Ainsi, certaines entreprises de transport s’opposent à l’idée de payer une taxe dont une grande partie reviendrait à une société privée :
Depuis le début, dire qu’on va collecter un milliard mais que ça va coûter entre 250 et 300 millions pour récolter 1 milliard, c’est un problème, excusez-moi, mais c’est absolument un scandale.
Entretien avec Patrick Lahaye, PDG entreprise poids lourds
Cependant, selon certains acteurs politiques, si c’est bien Ecomouv’ qui gère la récupération des recettes, la quasi-totalité de ces dernières étant reversée à l’Etat, qui décide alors de leur allocation.

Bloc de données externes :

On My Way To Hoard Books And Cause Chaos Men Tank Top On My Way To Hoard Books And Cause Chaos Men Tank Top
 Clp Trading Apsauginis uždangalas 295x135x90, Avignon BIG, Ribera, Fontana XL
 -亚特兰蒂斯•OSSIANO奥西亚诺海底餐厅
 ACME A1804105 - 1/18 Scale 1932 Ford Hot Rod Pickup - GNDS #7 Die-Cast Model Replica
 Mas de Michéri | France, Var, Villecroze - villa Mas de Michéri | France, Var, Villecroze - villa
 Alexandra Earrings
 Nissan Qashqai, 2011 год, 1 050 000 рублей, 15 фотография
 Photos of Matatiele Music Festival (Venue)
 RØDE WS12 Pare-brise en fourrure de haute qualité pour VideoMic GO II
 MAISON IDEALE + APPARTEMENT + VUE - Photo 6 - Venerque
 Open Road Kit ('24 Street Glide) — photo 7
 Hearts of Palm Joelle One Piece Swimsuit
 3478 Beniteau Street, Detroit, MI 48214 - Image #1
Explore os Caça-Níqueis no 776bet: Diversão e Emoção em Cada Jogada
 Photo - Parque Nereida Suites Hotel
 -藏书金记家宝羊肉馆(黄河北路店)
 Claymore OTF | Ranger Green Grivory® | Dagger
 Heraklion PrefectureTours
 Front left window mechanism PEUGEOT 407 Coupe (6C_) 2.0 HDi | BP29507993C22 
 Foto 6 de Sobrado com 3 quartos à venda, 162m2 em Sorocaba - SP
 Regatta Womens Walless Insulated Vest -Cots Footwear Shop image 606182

Le reste des recettes est reversé au secteur privé, qui touche une rémunération pour la conception et la gestion de la taxe. Sur près de 1200 millions de dépenses envisagés, près de 280 millions d’euros (23%) sont consacrés à la rémunération du prestataire. Mais, en retirant à cette somme la TVA, le coût de recouvrement tournerait autour de 20%.
Si ce taux de rémunération semble acceptable pour certains, certains scientifiques le comparent au coût d’entretien des autres taxes françaises. Le coût global annuel de l’administration fiscale française serait d’environ 1,20% du montant perçu par an et en conséquence, l’écotaxe serait une taxe archaïque et anti-démocratique :
C’est la première fois depuis la Révolution française qu’un impôt prélevé sous l’autorité de l’État est affermé à une entreprise privée, qui plus est majoritairement étrangère, et à un taux sans commune mesure avec celui de la perception de l’impôt en France depuis la Révolution française.
Alain Guéry, économiste
Le choix d’un PPP, selon certains scientifiques, pose également un problème juridique. En effet, les lois relatives aux taxes stipulent que toute taxe doit obligatoirement passer par le Trésor Public. Légalement, aucun impôt ne doit servir à son propre financement ; or, l’écotaxe dérogerait à cette contrainte. Finalement, elle contournerait également le vote annuel et obligatoire du budget de l’Etat. Elle poserait ainsi un problème d’adéquation avec le système fiscal français :
À ne considérer que ces trois principes fondateurs des finances publiques démocratiques, nous pouvons observer que l’écotaxe, en y contrevenant, a en fait tous les caractères des finances de la monarchie française d’Ancien Régime, caractères qu’elle ne fait que réactualiser.
Alain Guéry, économiste
Le PPP entraînerait également certains risques, surtout financiers. Le premier risque d’un tel partenariat est le surendettement car l’Etat lance de grands projets coûteux, sans moyens de financement, et reporte à plus tard son paiement. Ainsi vient le risque des compensations financières envers l’entreprise privée dans le cas d’un abandon de la taxe. Les revendications des entreprises de péage montrent bien les risques financiers du PPP :
Globalement, nous avons investi 200 millions d’euros dans cette opération. Si l’État ne nous indemnise pas, nous l’attaquerons en justice pour obtenir réparation.
Entretien avec Phillipe Duthoit, PDG Eurotoll
L’abandon du contrat représente donc un réel risque en ce qu’il entraîne la nécessité de verser des compensations envers les sociétés privés. C’est exactement ce qui s’est passé. L’Etat doit non seulement 800 millions à Ecomouv mais également 200 millions à la société Eurotoll.